The organisers of the Gibara International Low-Budget Film Festival (FICGIBARA), in alliance with the Churubusco Studios of Mexico, announce participation in the section Cine en Construcción Humberto Solás 2026, a competition whose objective is to support audiovisual projects that are in the post-production stage, according to the festival’s website.
Until the 15th of February of the present year, all filmmakers may send their projects, taking into account that feature films of fiction, documentary or animation of any nationality in the post-production stage will be received, provided they have at least a first edited cut; in the case that the entered work is not spoken in the Spanish language, it will be indispensable to send a subtitled copy.
The registration process must be done electronically by filling out a form indispensable for the project’s admission —available on the website itself— in order to provide via this route important data about the work and a link that allows the Selection Committee to view the audiovisual projects.
A document with a detailed description of the film’s needs must be attached to the form; it will equally describe the alliances or agreements already subscribed for the continuity of the post-production work, and the international commitments acquired.
Once the time for judgement concludes, the Cine en Construcción Humberto Solás 2026 Award will be announced on the 15th of March, whose result —final— will be decided by recognised national and foreign figures of cinema, audiovisuals and the arts, also advanced the FICGIBARA website.

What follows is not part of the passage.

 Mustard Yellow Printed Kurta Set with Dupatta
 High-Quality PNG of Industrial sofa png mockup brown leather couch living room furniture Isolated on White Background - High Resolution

Regarding the Grand Prize, this will have a value of three hundred thousand Mexican pesos, which will be paid in post-production services of image and sound to the selected work; thus facilitating that the final product meets all the requirements and parameters for its exhibition on international stages.

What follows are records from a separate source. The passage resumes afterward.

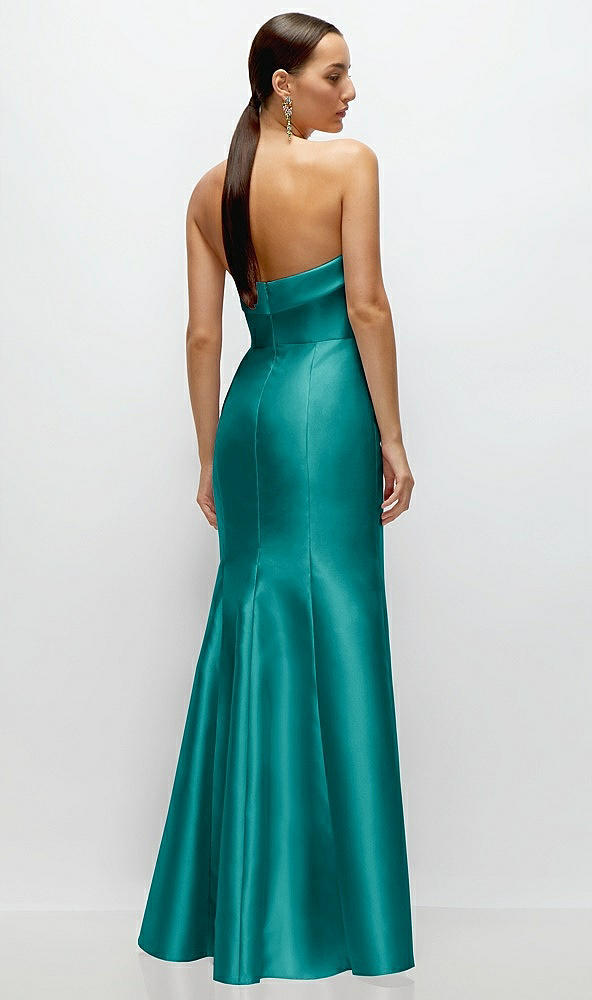 Back View - Jade Strapless Cuff Neckline Satin Trumpet Gown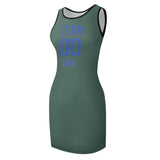 Custom Blue Green Sky Blue Sleeveless Vest Dress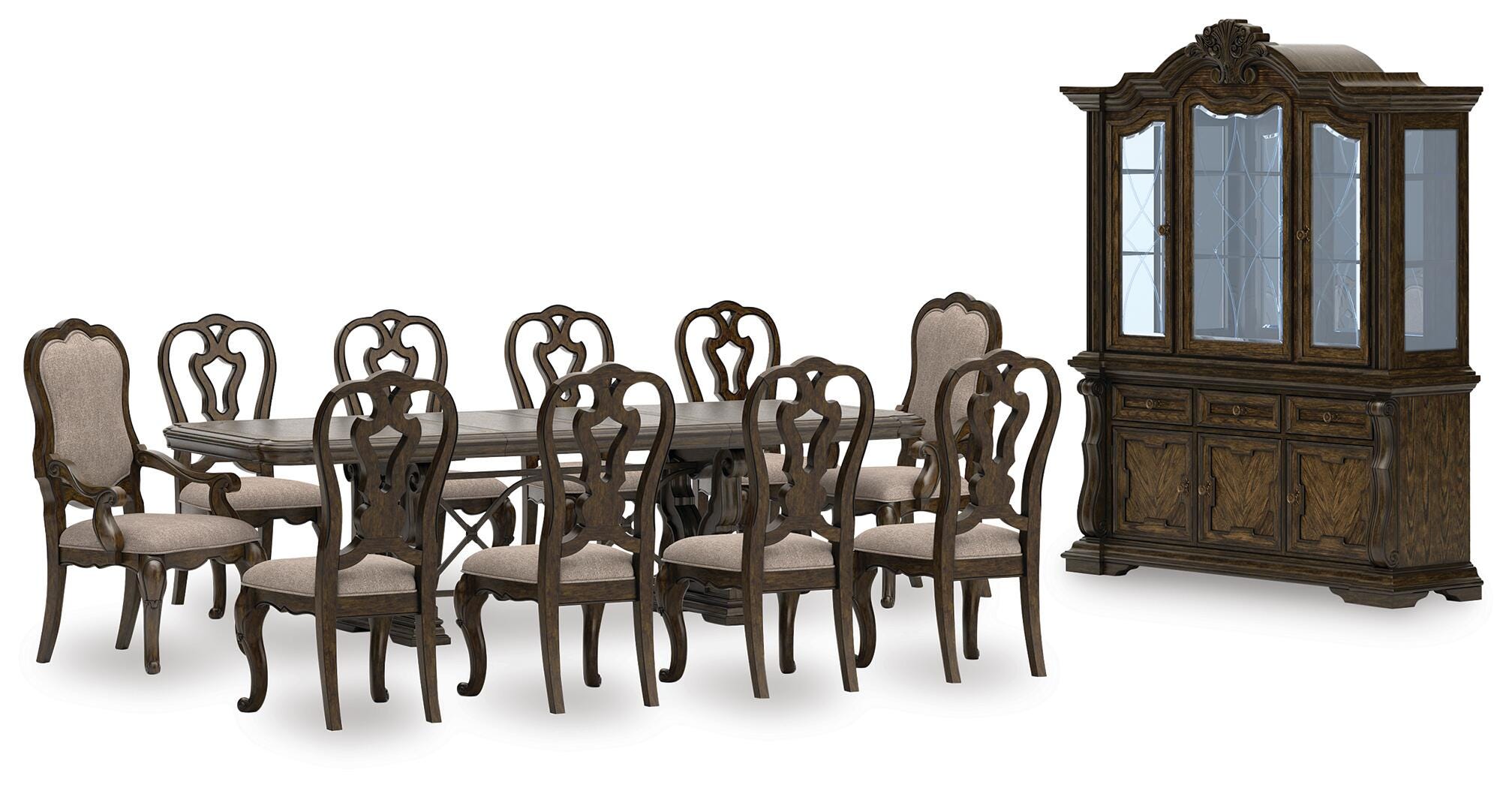 Maylee Extendable Dining Table and 10 Chairs with Storage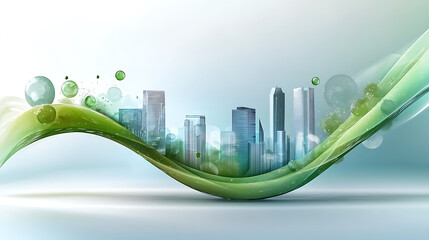 Poster - Urban greenery cityscape digital artwork modern environment abstract viewpoint sustainable concept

The Cine en Construcción Humberto Solás 2026 competition integrates into the dynamics of the XX edition of FICGIBARA 2026, to be celebrated from the 14th to the 18th of April next, the year in which the filmmaker of classics like Lucía (1968), Cecilia (1981), Un hombre de éxito (1986), El siglo de las luces (1993), Miel para Oshún (2001) and Barrio Cuba (2005), would have reached his 85th anniversary.
For the occasion, the alliance with one of the most important institutions in the history of Mexican cinema, the octogenarian Churubusco Studios —feted with the Coral de Honor during the most recent International Festival of New Latin American Cinema— will allow supporting audiovisual projects in development; and speaks, once again, of the unions that continue to be forged to boost creation within the region’s seventh art.